This docker image contains the models and code required to run article relevance prediction for research articles on the xDD system. It queries the xDD API article repository based on user-specified parameters, returns the list of articles' DOI as per specified, and predict if the article is relevant to paleoecology/paleoenvironment.
Running this docker image will:
- Create a JSON file containing a list of xDD articles's gddid and DOI information.
- Load the article id information from the JSON file, and query CrossRef API to retrieve article metadata.
- Using metadata and the model to predict the relevance of each article.
- A parquet file containing the article metadata and the prediction results is created.
- (Placeholder) Articles that are deemed relevant will be passed to xDD API on the xDD server.

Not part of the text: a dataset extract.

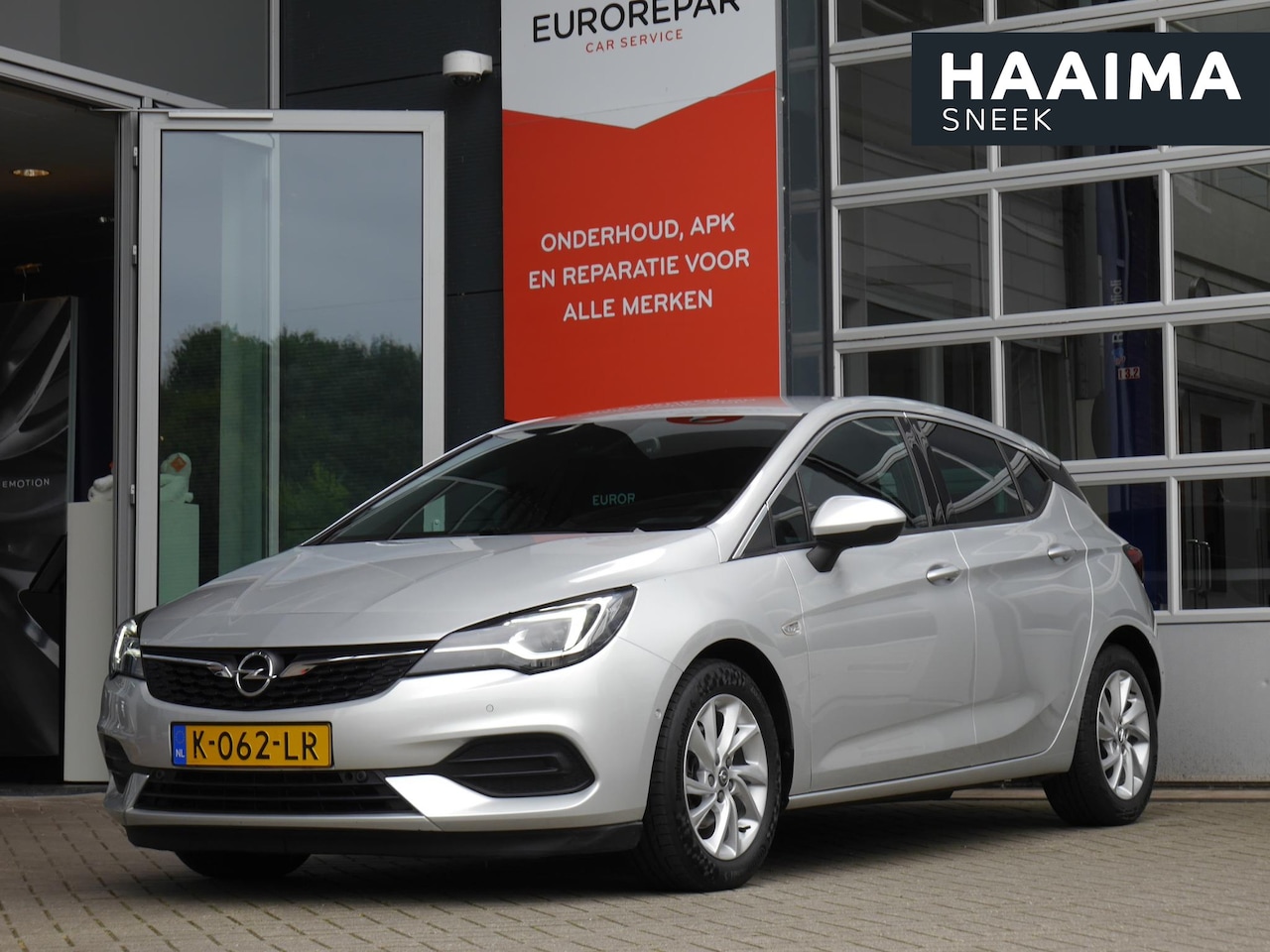Opel Astra - 1.2 Elegance | Stoel en stuurverwarming | Navigatie | Parkeersensoren voor en achter | Tre - AutoWereld.nl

The resulting parquet file contains if the API call was success or not for each article.
To run the article relevance prediction pipeline, the docker image needs to be built first
docker build -t metaextractor-article-relevance-prediction:v0.0.1 -f docker/article-relevance/Dockerfile .
Specifying the search criteria of article list and file paths is done through environment variables.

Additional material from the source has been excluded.